Négociation collective
- Les partenaires sociaux sont en droit de conclure, dans les conditions fixées par l'article L 2261-7 du Code du travail, un avenant de révision d'un accord collectif de branche à durée indéterminée mettant fin à cet accord, dès lors que cette extinction prend effet à compter de l'entrée en vigueur d'un autre accord collectif dont le champ d'application couvre dans son intégralité le champ professionnel et géographique de l'accord abrogé par l'avenant de révision (Cass. soc. 4-10-2023 n° 22-23.551 FS-BR).
Santé et sécurité
- Dès lors que le salarié licencié pour inaptitude physique avait interjeté appel du jugement du conseil de prud'hommes et avait formé pour la première fois une demande de reconnaissance d'une unité économique et sociale au cours de la procédure d'appel, postérieurement à son licenciement, il ne pouvait pas être reproché à l'employeur de ne pas avoir organisé d'élections professionnelles au sein de l'unité économique et sociale avant cette date et de ne pas avoir consulté les représentants du personnel sur le reclassement du salarié (Cass. soc. 4-10-2023 n° 22-15.526 F-D).
Contrôle - contentieux
- En cas de départ à la retraite d'un salarié, la prescription de l'action en contestation de la rupture court à compter de la date à laquelle il a notifié à l'employeur sa volonté de partir à la retraite. Toutefois, lorsque le départ à la retraite s'inscrit dans un dispositif, auquel a adhéré le salarié, mis en place par un accord collectif réservant expressément une faculté de rétractation de la part du salarié, la prescription de l'action en contestation de la rupture ne court qu'à compter de la rupture effective de la relation de travail (Cass. soc. 4-10-2023 n° 22-14.126 F-B).
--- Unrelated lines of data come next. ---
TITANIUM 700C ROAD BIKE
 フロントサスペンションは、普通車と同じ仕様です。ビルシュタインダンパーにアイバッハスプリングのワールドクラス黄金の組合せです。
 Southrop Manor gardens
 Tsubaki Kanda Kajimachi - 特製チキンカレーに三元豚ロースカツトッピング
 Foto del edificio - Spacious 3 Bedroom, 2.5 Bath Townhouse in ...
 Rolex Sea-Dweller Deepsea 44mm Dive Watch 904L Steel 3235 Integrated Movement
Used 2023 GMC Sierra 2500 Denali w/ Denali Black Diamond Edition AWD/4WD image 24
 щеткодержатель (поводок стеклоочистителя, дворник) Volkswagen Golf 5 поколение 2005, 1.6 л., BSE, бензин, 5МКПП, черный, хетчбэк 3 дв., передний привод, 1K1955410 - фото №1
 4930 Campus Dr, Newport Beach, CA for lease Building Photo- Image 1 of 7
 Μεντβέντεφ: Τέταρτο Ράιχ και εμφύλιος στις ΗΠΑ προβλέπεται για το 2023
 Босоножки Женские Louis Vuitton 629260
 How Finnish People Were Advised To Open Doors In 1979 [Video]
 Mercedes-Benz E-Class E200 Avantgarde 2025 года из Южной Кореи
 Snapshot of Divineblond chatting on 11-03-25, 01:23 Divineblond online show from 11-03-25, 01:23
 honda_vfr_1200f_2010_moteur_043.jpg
- Dès lors que la demande de dommages-intérêts pour dénonciation calomnieuse présentée par le salarié repose exclusivement sur une prétendue inexactitude des faits qui lui sont reprochés à l'appui de son licenciement disciplinaire, la cour d'appel qui estime que ces faits sont établis et constituent une faute grave peut rejeter cette demande (Cass. soc. 4-10-2023 n° 21-20.889 F-D).